Before: Lousy LayoutNew parents Jennifer and Kent Watson have tried to maximize their time and money in the updates they have made to their first home. But when it came to their asymmetrical kitchen, they decided they needed professional help to solve their layout dilemma. That's where host and designer Lauren Lake and her team of carpenters Jeff Devlin and Mark McGraw fit into the picture. They are anxious to pool their expertise to breathe new life (and balance) into the space.
This kitchen is cramped, inconvenient and pretty much closed off from the rest of the house. The orange-yellow faux finish on the walls is out of fashion and does not blend well with the modern stainless-steel appliances. Most of the cabinets, which are original to the house, do not have adequate storage space. Plus, some of them are hung too high for mom Jennifer to reach. The track lighting and bizarre hanging fixture are way outdated and do not provide enough light. The countertops are cluttered, the dark gray tiles make the floor look dirty, and there's a breakfast bar (at left) that's never used. That's because the wall above the bar has a pass-through opening that is the height of the ceiling of the downstairs room it overlooks. So if you are seated at the bar and stand up, you are looking straight at a wall.

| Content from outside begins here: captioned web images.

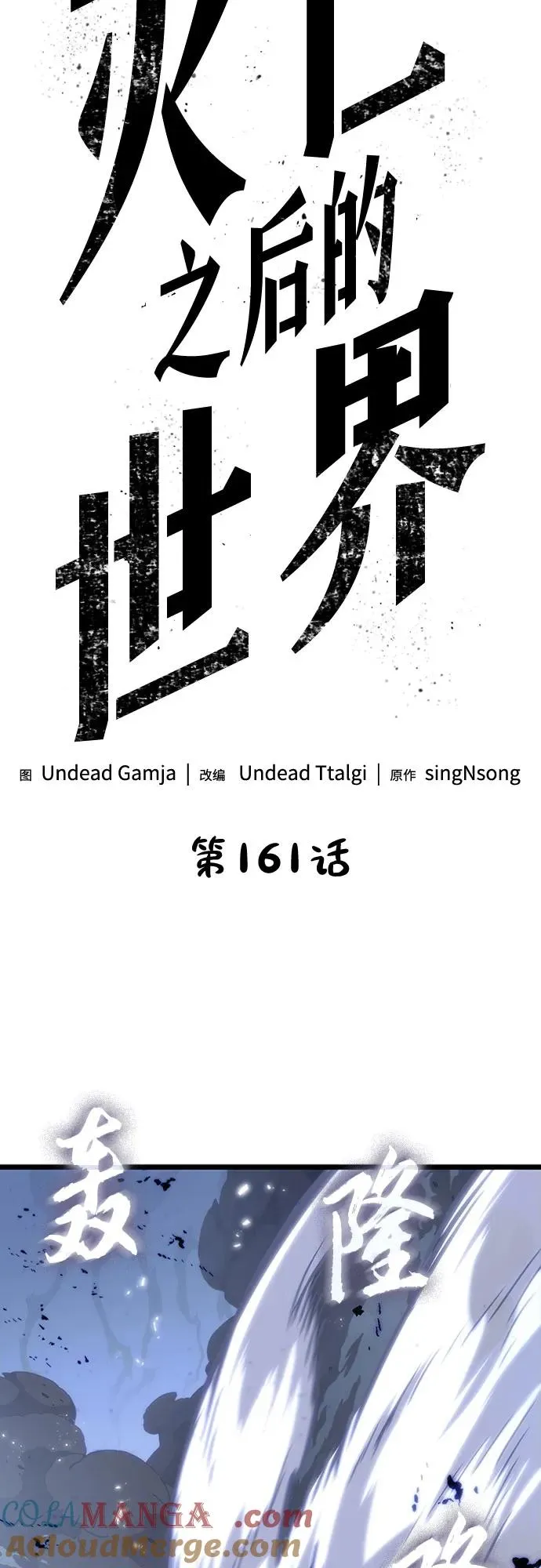 第161话 第13页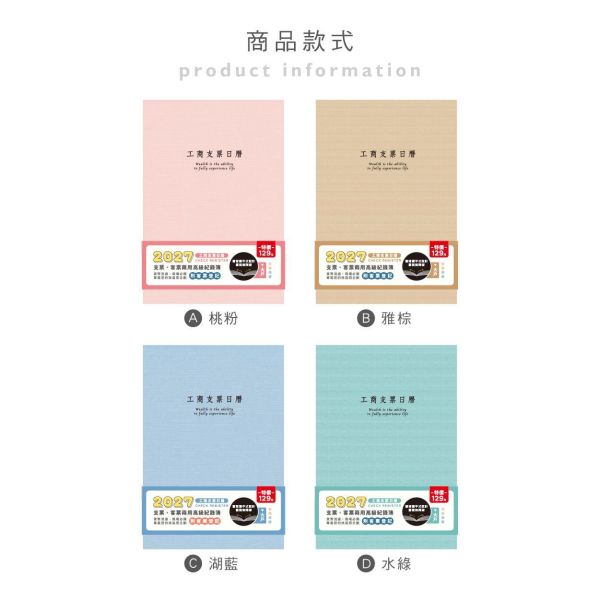 「簡單生活系列」- 2027(大戶)透明支票日曆/CD-76 
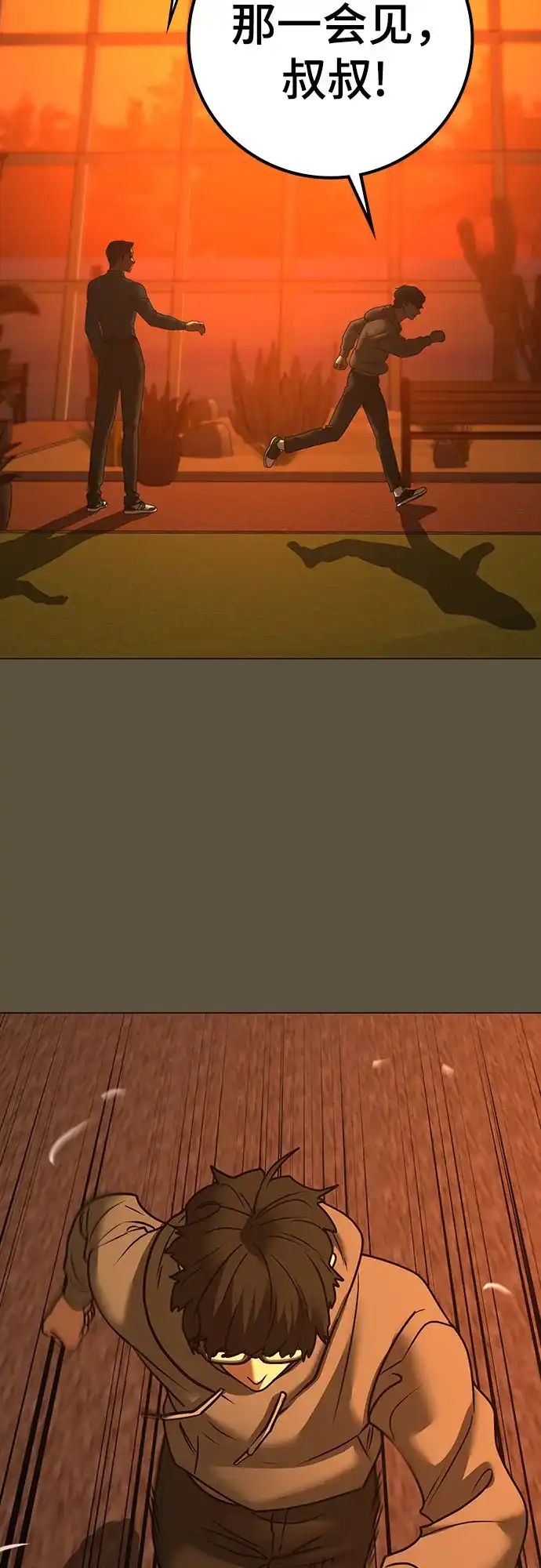 第443页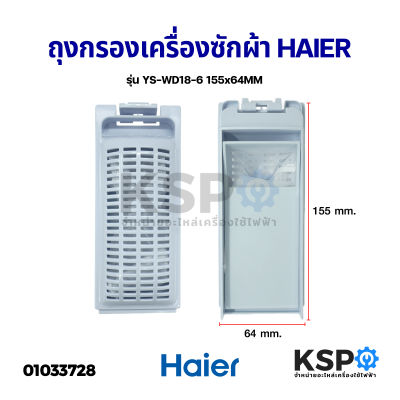 ถุงกรองเครื่องซักผ้า HAIER ไฮเออร์ รุ่น YS-WD18-6 (155*64mm) อะไหล่เครื่องซักผ้า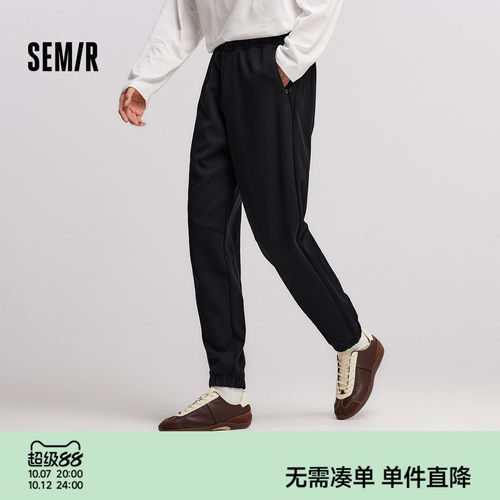 森马纯色束脚裤针织慢跑休闲裤男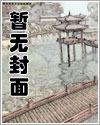 ߽紫˵½Ŀ¼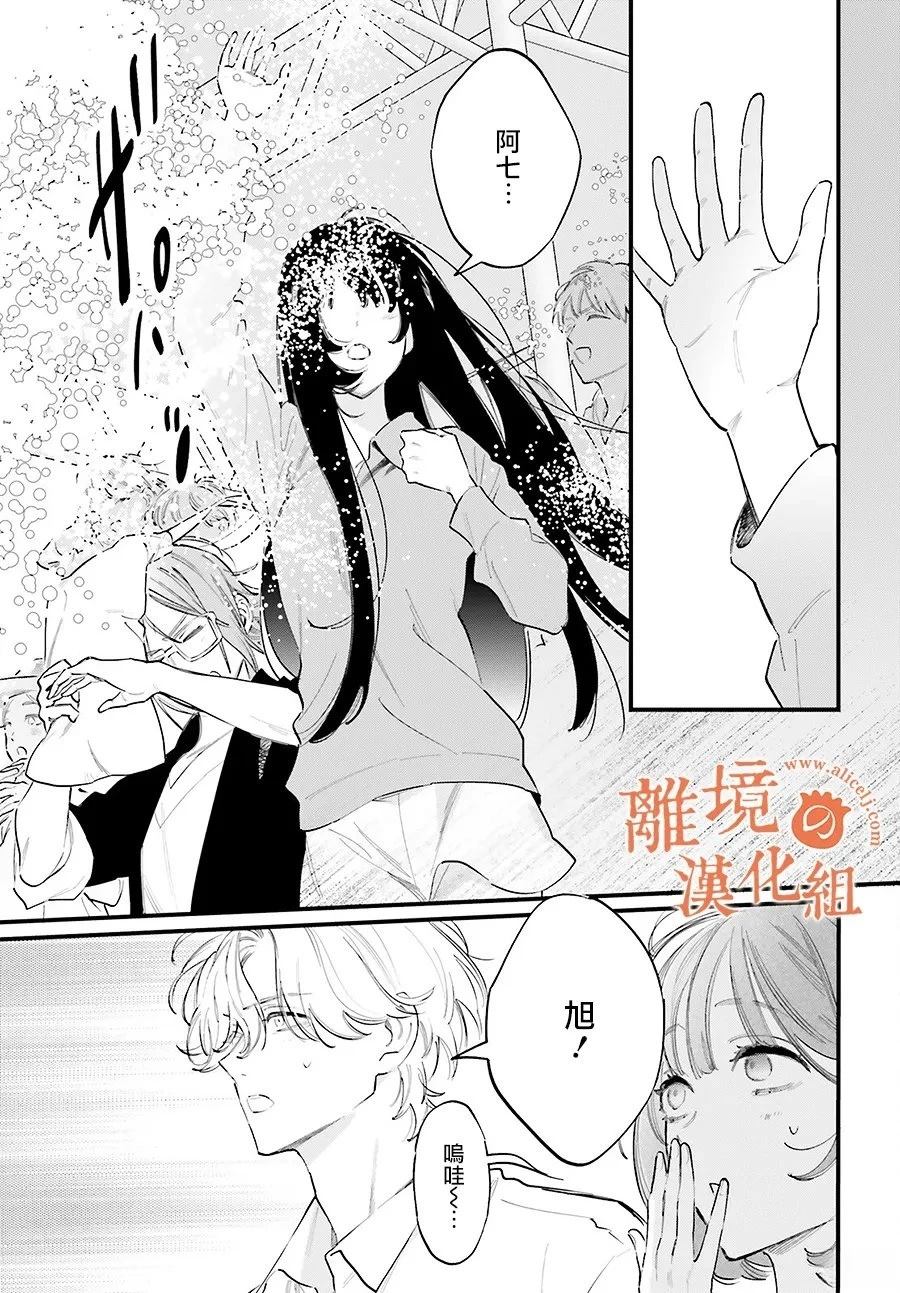 第16话0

Armed with a budget of $25,000 to $35,000, Lake lays out two options for the Watsons. The first entails spending the bulk of the money on closing up the dysfunctional opening into the family room and creating a new pass-through into the dining room that will also serve as prep and eating area. New cherry wood cabinets and warm granite countertops are included. Option 2 starts the same way, with opening up the room, but also includes installing custom off-white maple cabinets, high-end marble countertops and Brazilian mahogany floors. The Watsons select Option 1.